* Data records:
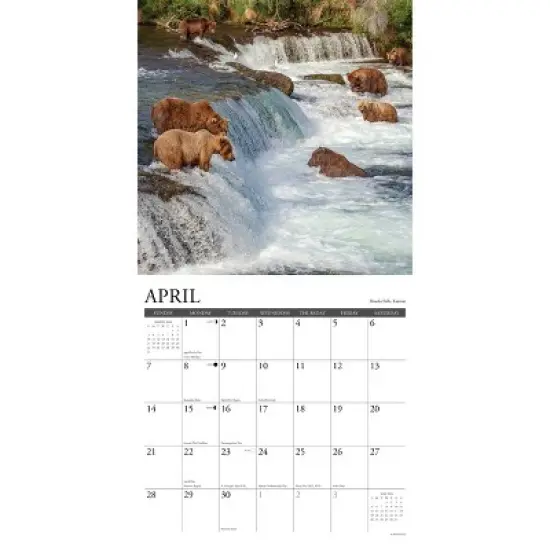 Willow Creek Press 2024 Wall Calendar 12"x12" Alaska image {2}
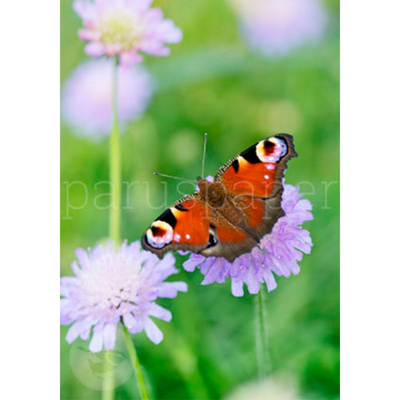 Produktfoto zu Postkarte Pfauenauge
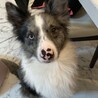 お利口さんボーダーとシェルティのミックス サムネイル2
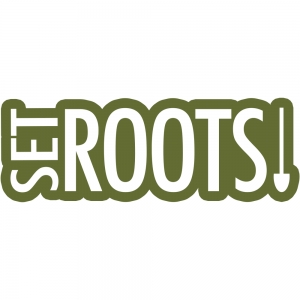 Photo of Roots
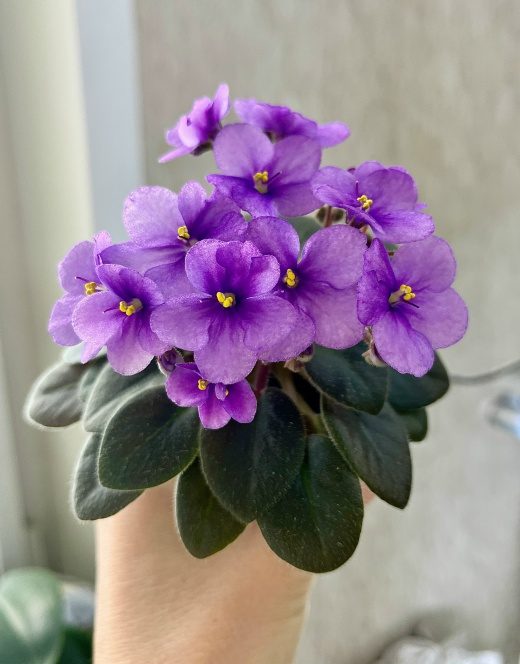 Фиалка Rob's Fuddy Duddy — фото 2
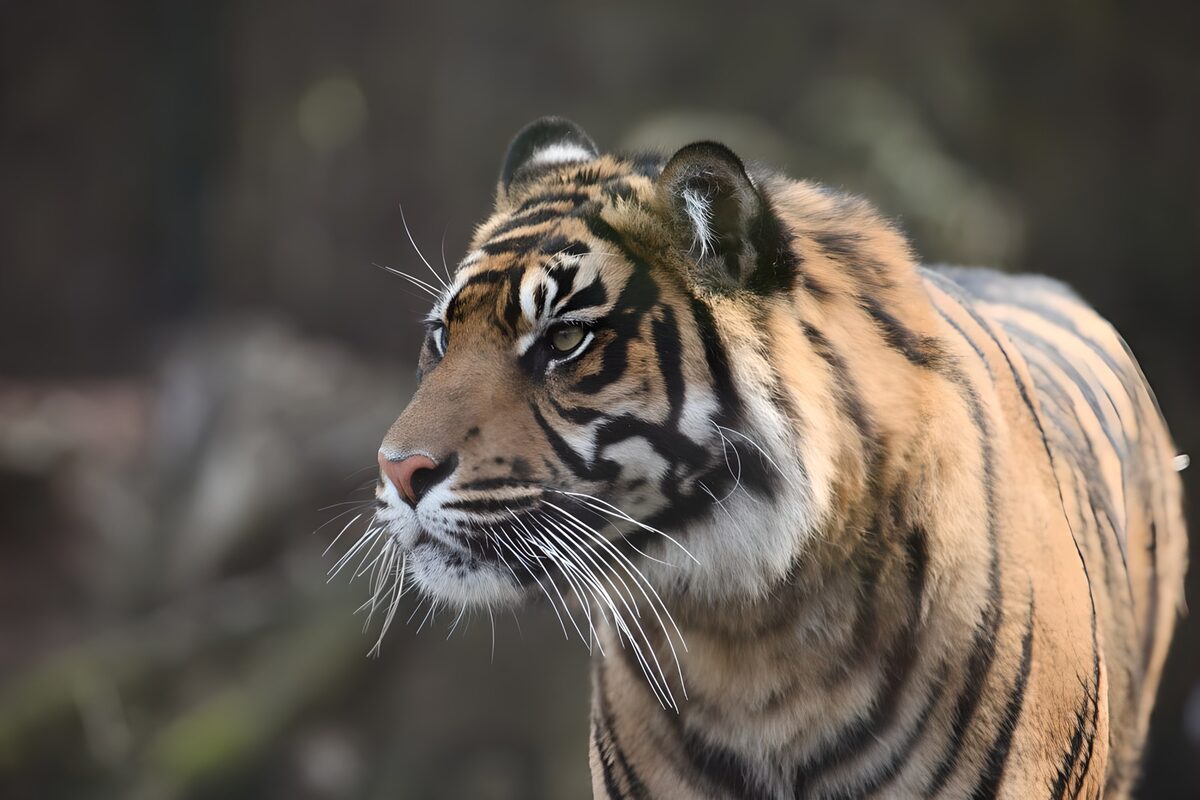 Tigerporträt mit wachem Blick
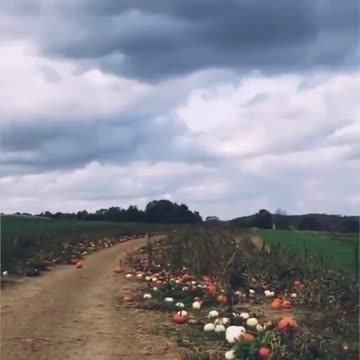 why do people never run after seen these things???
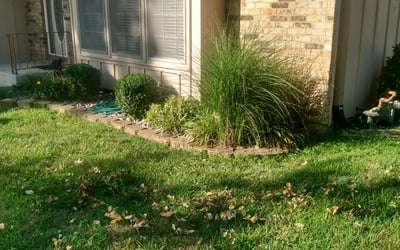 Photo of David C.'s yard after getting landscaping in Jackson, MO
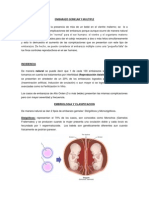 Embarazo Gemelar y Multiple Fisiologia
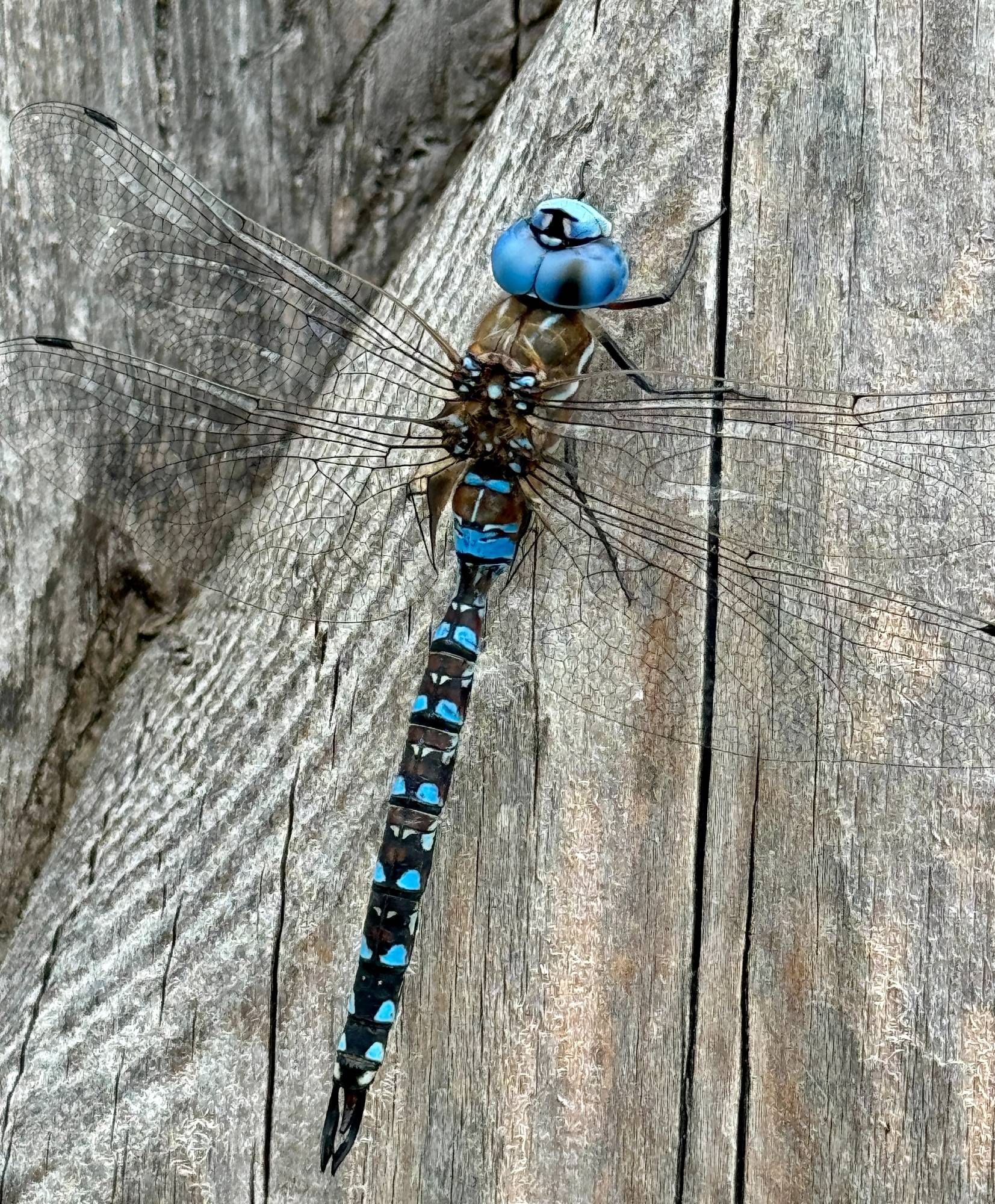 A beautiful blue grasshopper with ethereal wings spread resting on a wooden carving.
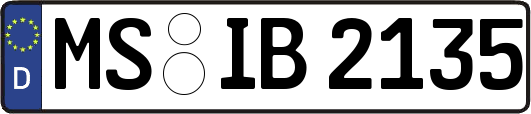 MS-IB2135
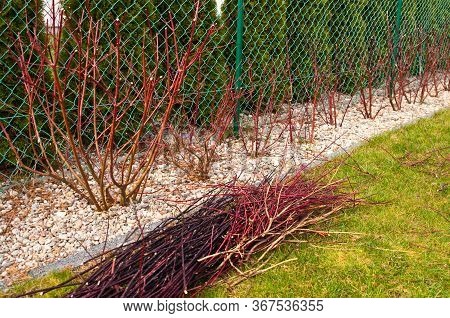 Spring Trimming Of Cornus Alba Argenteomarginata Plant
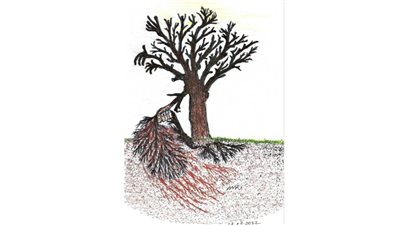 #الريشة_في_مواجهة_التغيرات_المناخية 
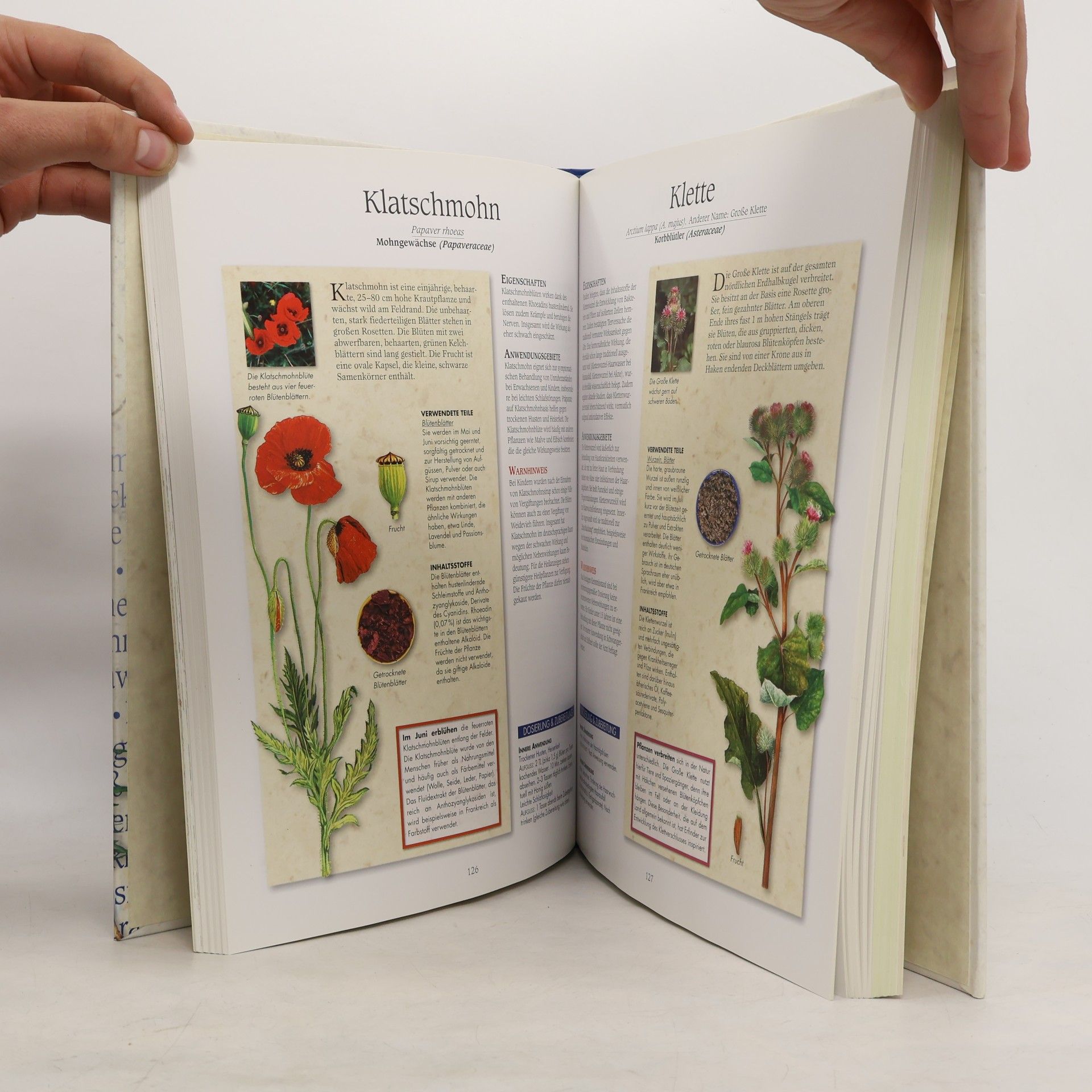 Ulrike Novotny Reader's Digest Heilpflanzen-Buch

* Aim of the task:
Print every record exactly, without the pictures.

* Answer area:
 Willow Creek Press 2024 Wall Calendar 12"x12" Alaska image {2}
 Produktfoto zu Postkarte Pfauenauge
 お利口さんボーダーとシェルティのミックス サムネイル2
 Photo of Roots
 Фиалка Rob's Fuddy Duddy — фото 2
 Tigerporträt mit wachem Blick
 why do people never run after seen these things???
 Photo of David C.'s yard after getting landscaping in Jackson, MO
 Embarazo Gemelar y Multiple Fisiologia
 A beautiful blue grasshopper with ethereal wings spread resting on a wooden carving.
 MS-IB2135
 Spring Trimming Of Cornus Alba Argenteomarginata Plant
 #الريشة_في_مواجهة_التغيرات_المناخية 
 Ulrike Novotny Reader's Digest Heilpflanzen-Buch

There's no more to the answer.